On 02/18/2014 02:10 PM, Samuel Gilbert wrote:
I have data warehousing DB 2 fairly big tables : one contains about 200 million rows and the other one contains about 4 billion rows. Some queries are now taking way too long to run (> 13 hours). I need to get these queries to run in an hour or so. The slowdown was gradual, but I eventually hit a wall, when the planner stopped using indexes.

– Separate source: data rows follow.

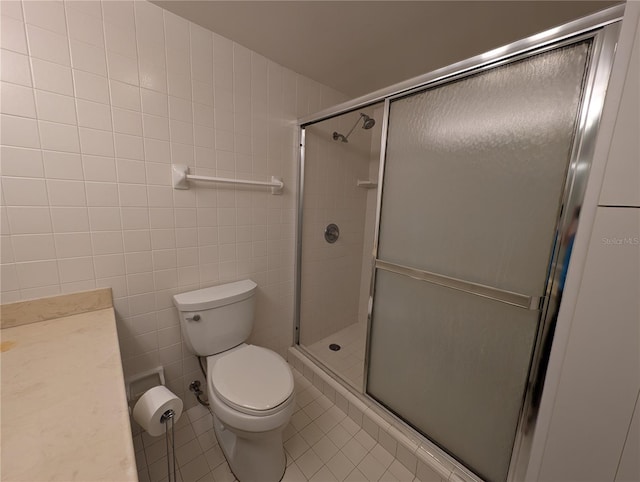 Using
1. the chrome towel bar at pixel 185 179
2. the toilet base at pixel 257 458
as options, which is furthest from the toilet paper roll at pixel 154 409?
the chrome towel bar at pixel 185 179

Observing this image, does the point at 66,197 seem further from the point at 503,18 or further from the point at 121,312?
the point at 503,18

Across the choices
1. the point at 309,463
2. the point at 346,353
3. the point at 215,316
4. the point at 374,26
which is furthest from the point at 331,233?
the point at 309,463

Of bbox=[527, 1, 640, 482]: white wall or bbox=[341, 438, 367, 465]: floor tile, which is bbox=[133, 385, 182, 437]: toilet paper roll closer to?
→ bbox=[341, 438, 367, 465]: floor tile

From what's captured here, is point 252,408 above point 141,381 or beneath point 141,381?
above

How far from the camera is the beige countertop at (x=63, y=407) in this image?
0.46m

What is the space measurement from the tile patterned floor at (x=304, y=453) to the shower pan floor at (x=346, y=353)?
25cm

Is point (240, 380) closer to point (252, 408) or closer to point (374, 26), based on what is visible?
point (252, 408)

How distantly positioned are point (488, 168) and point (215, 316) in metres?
1.35

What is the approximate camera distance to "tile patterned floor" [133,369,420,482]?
1138mm

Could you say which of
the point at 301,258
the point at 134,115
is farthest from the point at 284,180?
the point at 134,115

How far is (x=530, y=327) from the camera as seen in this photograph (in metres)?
0.86

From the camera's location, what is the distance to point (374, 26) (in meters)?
1.17

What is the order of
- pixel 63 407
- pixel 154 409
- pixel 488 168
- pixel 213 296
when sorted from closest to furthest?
pixel 63 407 → pixel 154 409 → pixel 488 168 → pixel 213 296

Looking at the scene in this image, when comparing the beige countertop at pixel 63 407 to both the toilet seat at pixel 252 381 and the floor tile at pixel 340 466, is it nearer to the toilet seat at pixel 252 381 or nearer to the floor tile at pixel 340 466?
the toilet seat at pixel 252 381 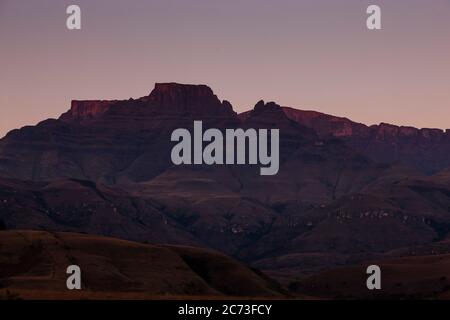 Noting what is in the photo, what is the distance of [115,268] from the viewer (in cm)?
17288

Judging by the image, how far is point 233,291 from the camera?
183 m

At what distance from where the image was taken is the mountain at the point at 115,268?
155000 millimetres

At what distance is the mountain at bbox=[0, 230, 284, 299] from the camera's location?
155000 millimetres

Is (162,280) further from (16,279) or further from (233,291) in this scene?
(16,279)

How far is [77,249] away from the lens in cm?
18500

The other issue I'm encountering is that I also have very simple BEFORE UPDATE and BEFORE INSERT triggers that set the modification date on every single row : CREATE FUNCTION set_modificationDate() RETURNS TRIGGER AS $$ BEGIN NEW.modificationDate := now(); RETURN NEW; END; $$ LANGUAGE 'plpgsql'; The modification date must be updated if any row is modified in any way. I first tried to define the triggers on the parent table. This worked, but I realized that if a queries targets explicitly a child table, it could modify a row without the date being updated. I therefore dropped the triggers on the parent table and defined them for every child. To my great surprise, the insert below failed with a message saying that NULLs are not allowed in the modificationdate column. INSERT INTO observation (dataset, station, method, startdate, duration, value) VALUES (9, 2, 128, '2014-01-01 00:00:00', '24 hours', 42); Why isn't the BEFORE INSERT trigger on the child table being executed?
Constraints are checked before triggers are run.